Heni menjelaskan, Pemprov Kaltim tetap menggandeng Perusda MBS sebagai mitra strategis untuk menjamin stok dan stabilisasi harga. Di kota besar seperti Samarinda dan Balikpapan, distribusi relatif lebih lancar, sehingga operasi pasar bersifat rutin.
Sedangkan di wilayah terpencil, intervensi pemerintah harus lebih intensif agar warga tetap bisa mengakses kebutuhan pokok dengan harga terjangkau.
“Kami tidak menunggu momen tertentu, stabilisasi harga adalah kebutuhan harian. Semua daerah remote menjadi prioritas agar masyarakat tidak dirugikan,” tambahnya.
Sepanjang 2025, DPPKUKM telah menggelar lebih dari 10 operasi pasar. Selain menjual bahan pokok lebih murah, kegiatan ini juga digunakan untuk memetakan komoditas rawan kenaikan dan wilayah yang paling membutuhkan intervensi.
Heni menegaskan pentingnya kolaborasi lintas sektor, termasuk BUMN, BUMD, perbankan, dan perusahaan swasta, terutama dalam kondisi efisiensi anggaran OPD menjelang 2026.
“Kolaborasi ini bukan pilihan, tapi kebutuhan agar distribusi dan harga tetap terkendali,” katanya.
Selain stabilisasi harga, program pasar murah menjadi wadah edukasi bagi masyarakat mengenai akses pangan yang aman, murah, dan berkualitas. Heni menambahkan, data dari operasi pasar juga digunakan untuk membangun basis informasi UMKM lokal dan mendorong partisipasi generasi muda dalam kegiatan ekonomi kreatif.

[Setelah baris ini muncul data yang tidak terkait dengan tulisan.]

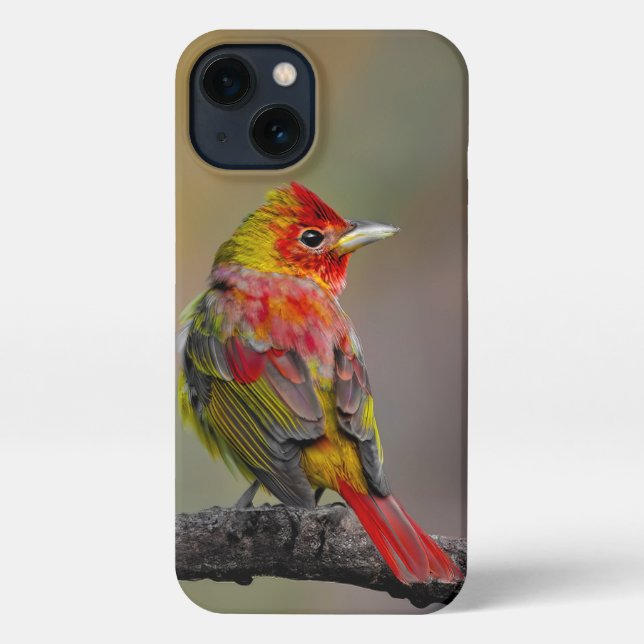Scarlet Tanager Molting - Original Photograph iPhone Case (Back)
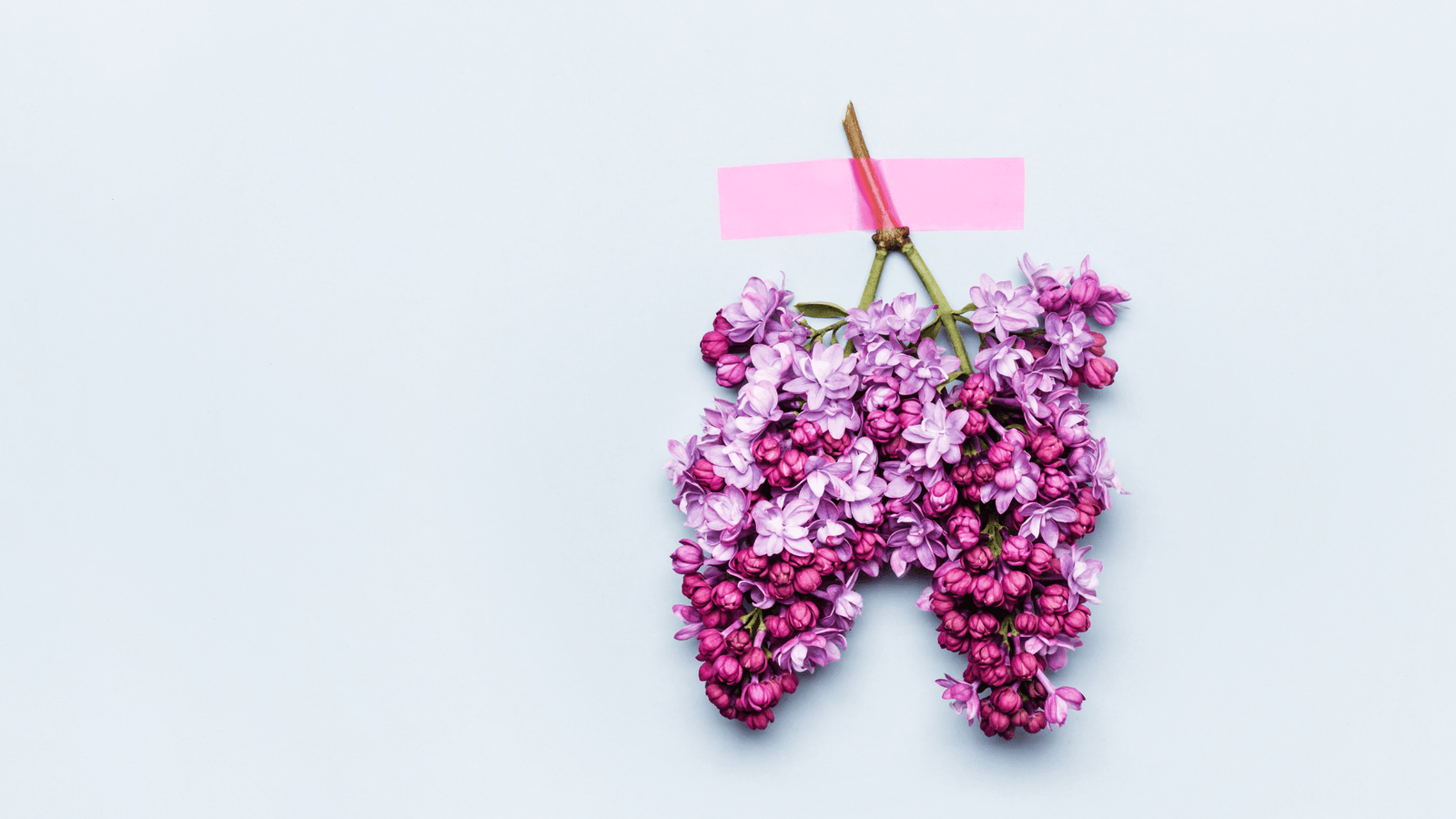 Un poumon fait de fleurs violettes.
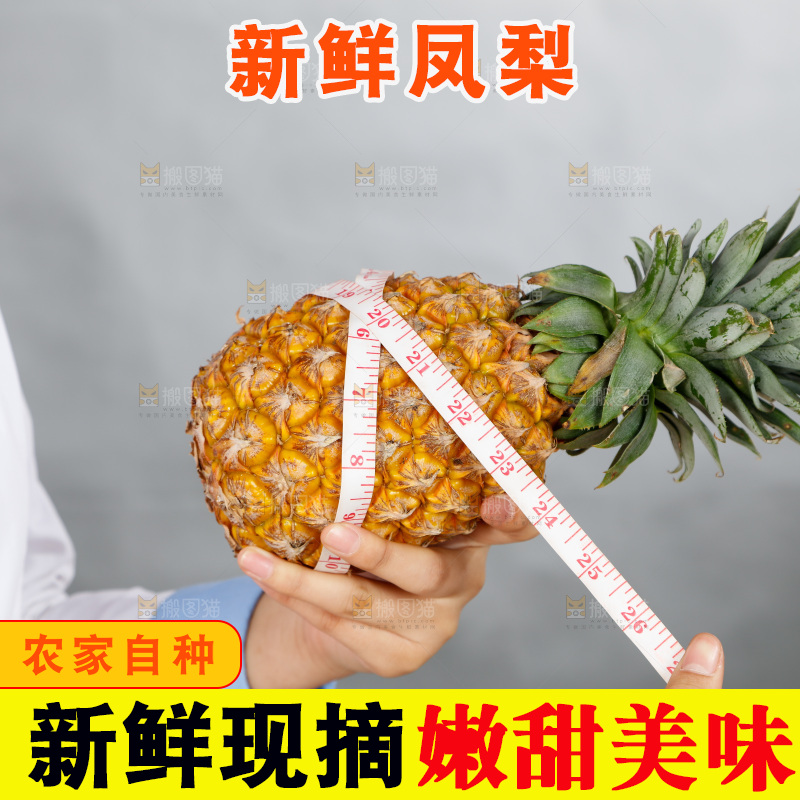 手里正在测量凤梨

Meski tantangan logistik masih menghambat distribusi pangan, Pemprov Kaltim memastikan program pasar murah akan terus diperluas dan menjadi strategi rutin untuk menjaga ketersediaan dan keterjangkauan bahan pokok di seluruh kabupaten/kota.
“Tujuan akhir kami adalah memastikan semua warga, terutama di daerah terpencil, mendapatkan pangan yang stabil dengan harga wajar,” tutup Heni.